世間を 憂しとやさしと 思へども 飛び立ちかねつ 鳥にしあらねば 山上憶良 (巻5・893)
先生はやさしを解説なさっていらした。
ありがとうございました。
はじめまして。
竹内先生はNHKとかに出てらしたんですかね?
竹内先生のように、知の巨人でありながら人格的にも尊敬できる先生に、もっとテレビに出て欲しい気もするし、テレビの意味不明な文脈に汚されてほしくないという気持ちもある、複雑な感じです。NHKは硬派ですが。。
<やさし>も、別の新書で書かれていますよね。
日本人のもともとのやまとこばって、生物の進化みたいなもので、何か鋳型のような原型から出発して、時代や人で変形されながら伝わっているものだし、すごく興味深いです。

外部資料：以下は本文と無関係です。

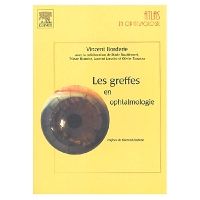 Les greffes en ophtalmologie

そのやまとことばの延長上にある日本語というものを、否が応でも使っているわけですからねぇ。
コメントありがとうございました。
録画してみています。漢詩も毎朝録画します。
http://www.nhk.or.jp/manyoushuu/bangumi/index.html
ご多忙なのに、
ところでいなばさんは緻密な文章を書かれますね。
息子も医師で、多忙ぶりを知っているので、驚嘆しています。
日めくり万葉に出てるのですね。
今度、自分も録画して見てみます。
竹内先生は、あらゆる日本の古典に造詣深くて、いつも驚愕していました。
医師の仕事も、もっと自分の時間あれば、医学論文以外にもっと本を読めるのになぁと思いつつ日々過ごしています。
文章書くと、自分の考えがまとまるので、細菌はなんとか書くようにしてます。ほとんど意地のようなものです。
自分の中で「忙しい」っていう言葉は禁止用語にしているので(言葉の呪縛につかまるので)、なんとか時間作りながら書いてます。
ブログ以外にも、Twitterにも毎日のように書きなぐったりもしてます。inainabaって名前です。